At my church, St. Alban’s Parish of Washington, we decided to explore energy options that would reduce our carbon footprint while still meeting our energy needs. We were put into contact with Jigar Shah, former head of the revolutionary D.C. solar-energy company SunEdison. With help from Shah, Mayor Adrian Fenty’s office and other organizations, St. Alban’s Parish installed a wonderful 14.06-kilowatt photovoltaic system on the roof of our Satterlee Hall — turning the building into a clean-energy-generating station.

Our system now generates enough energy to displace nearly 23 tons of CO2 emissions a year, significantly offsetting our carbon footprint. Yes, we still draw energy from the grid, which is mostly made from burning coal. But we’re putting more clean, renewable energy back in than we take out. We’re making a contribution.

And we’re saving money. In essence, what we’ve done is “lease” our roof to an investor who teamed with a solar provider to install the system. Because they own the array, they will undertake any necessary care and maintenance. The energy produced will be sold to the utility and put on the grid, where it will help to power homes and businesses throughout the District. In exchange for allowing the use of our roof, we have locked in our utility costs for 20 years at today’s rates. To say the least, that’s a pretty significant budget item for us. We know that energy prices will rise over the next 20 years — but not at St. Alban's.

To our knowledge, St. Alban’s is the first church in the District to install solar panels. We certainly don’t want to be the last.
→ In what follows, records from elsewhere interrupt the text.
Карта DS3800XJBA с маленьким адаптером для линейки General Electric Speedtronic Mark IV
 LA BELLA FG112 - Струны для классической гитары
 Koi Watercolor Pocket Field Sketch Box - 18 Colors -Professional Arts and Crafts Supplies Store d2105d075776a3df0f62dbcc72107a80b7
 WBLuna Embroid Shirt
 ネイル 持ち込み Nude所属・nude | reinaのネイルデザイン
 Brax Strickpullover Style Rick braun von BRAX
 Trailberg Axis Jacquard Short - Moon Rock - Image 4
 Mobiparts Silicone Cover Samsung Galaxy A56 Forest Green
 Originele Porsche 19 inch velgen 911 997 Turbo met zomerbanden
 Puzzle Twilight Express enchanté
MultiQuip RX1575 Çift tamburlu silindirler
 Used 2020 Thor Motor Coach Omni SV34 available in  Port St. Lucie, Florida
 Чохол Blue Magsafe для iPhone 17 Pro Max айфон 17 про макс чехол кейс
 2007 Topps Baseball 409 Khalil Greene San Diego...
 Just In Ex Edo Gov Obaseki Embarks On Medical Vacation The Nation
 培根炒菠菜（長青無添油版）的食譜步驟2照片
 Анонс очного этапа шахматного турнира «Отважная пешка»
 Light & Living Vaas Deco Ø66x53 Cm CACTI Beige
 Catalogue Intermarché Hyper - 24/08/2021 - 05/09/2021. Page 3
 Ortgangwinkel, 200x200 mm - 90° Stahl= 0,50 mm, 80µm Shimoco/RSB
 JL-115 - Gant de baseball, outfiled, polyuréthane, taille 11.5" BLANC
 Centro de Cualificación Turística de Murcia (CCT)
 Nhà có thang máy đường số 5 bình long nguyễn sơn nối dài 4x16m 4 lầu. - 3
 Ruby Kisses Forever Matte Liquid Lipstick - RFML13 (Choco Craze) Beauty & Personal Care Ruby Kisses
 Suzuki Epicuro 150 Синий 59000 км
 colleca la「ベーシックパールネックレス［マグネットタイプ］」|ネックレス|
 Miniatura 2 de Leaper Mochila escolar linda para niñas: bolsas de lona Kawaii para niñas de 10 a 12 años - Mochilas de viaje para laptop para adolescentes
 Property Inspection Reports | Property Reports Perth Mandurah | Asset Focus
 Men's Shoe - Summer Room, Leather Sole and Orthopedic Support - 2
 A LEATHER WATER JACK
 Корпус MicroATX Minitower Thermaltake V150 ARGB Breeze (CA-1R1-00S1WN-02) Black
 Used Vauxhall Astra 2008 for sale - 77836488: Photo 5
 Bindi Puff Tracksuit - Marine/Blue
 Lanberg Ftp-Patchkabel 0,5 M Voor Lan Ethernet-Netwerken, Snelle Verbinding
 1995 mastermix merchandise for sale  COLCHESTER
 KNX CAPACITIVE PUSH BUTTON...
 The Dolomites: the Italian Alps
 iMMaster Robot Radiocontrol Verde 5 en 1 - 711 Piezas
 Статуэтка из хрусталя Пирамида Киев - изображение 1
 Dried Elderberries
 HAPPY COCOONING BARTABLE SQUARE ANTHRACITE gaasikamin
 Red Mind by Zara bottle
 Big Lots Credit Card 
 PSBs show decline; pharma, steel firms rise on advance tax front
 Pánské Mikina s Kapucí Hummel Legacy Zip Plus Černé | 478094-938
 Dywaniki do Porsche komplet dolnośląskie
Congress seems to be a long way from taking comprehensive action to address this problem, but in the past churches have not waited for laws to tell us to help the needy, fight for social justice or make our communities better places to live. The harm that will be visited on our planet during the next generations in the absence of action today makes this a greater imperative than any other social issue.

Besides, the panels look pretty neat. We refer to them as our newest stained-glass windows. You may know that the original purpose of stained-glass windows was to tell visually the story of God’s redeeming love. Our panels tell a similar story. They tell of God’s love for us by giving us this beautiful Earth and our responsibility to care for it wisely.

The writer is rector at St. Alban’s Episcopal Parish in Washington.